*PROBLEM DETAILS*. The required output is the stretch from the line containing "thumbnail image 4" through the line containing "Visite Carte de" in the records below, unaltered and with no pictures.

(Captioned web image data)
==========
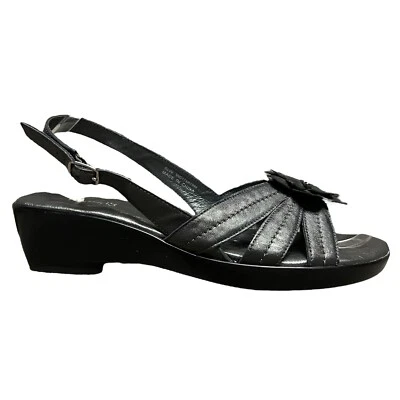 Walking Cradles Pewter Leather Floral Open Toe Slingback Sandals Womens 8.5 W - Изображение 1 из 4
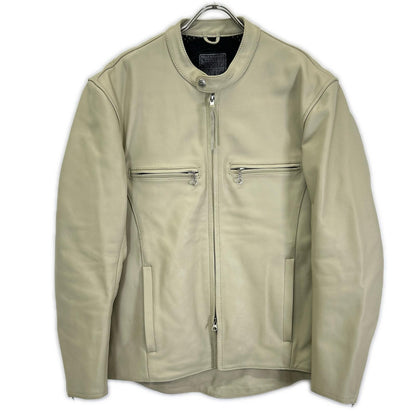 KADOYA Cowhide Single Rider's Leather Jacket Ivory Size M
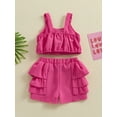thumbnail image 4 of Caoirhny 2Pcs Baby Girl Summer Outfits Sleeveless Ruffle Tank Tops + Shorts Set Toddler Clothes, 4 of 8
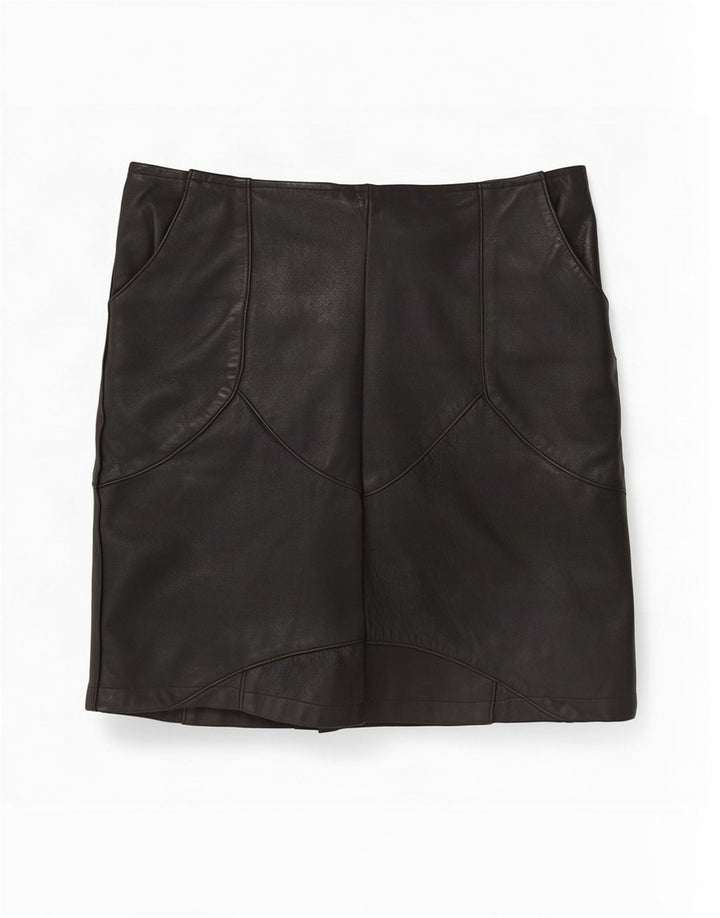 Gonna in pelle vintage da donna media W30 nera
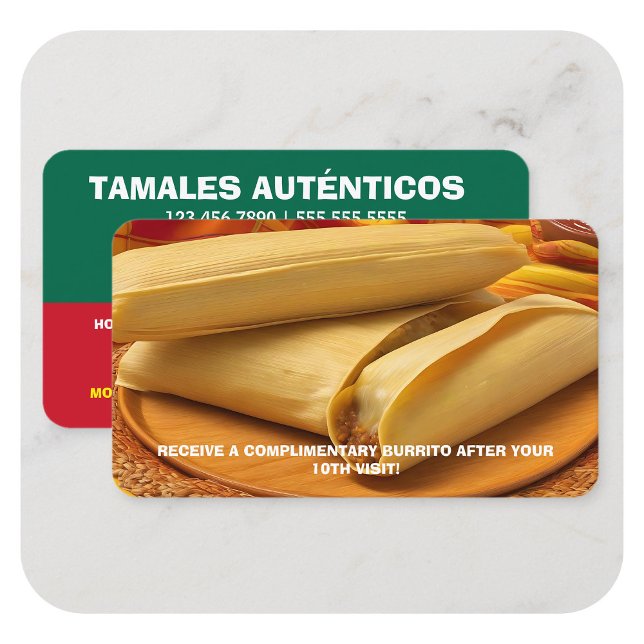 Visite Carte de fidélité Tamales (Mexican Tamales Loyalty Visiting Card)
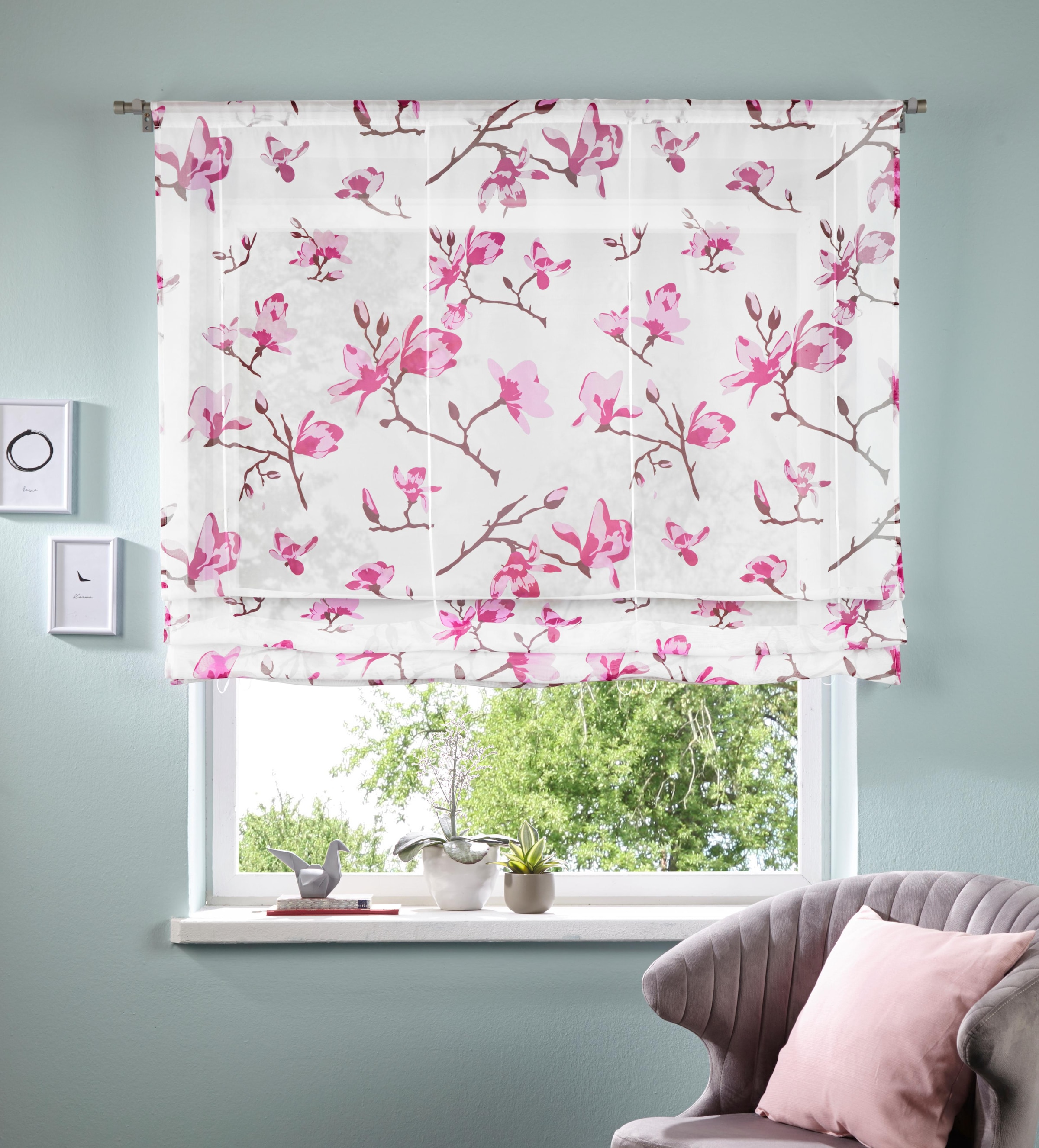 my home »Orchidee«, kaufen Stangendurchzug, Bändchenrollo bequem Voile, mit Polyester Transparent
==========
*REPLY TO THE EXERCISE*.
thumbnail image 4 of Caoirhny 2Pcs Baby Girl Summer Outfits Sleeveless Ruffle Tank Tops + Shorts Set Toddler Clothes, 4 of 8
 Gonna in pelle vintage da donna media W30 nera
 Visite Carte de fidélité Tamales (Mexican Tamales Loyalty Visiting Card)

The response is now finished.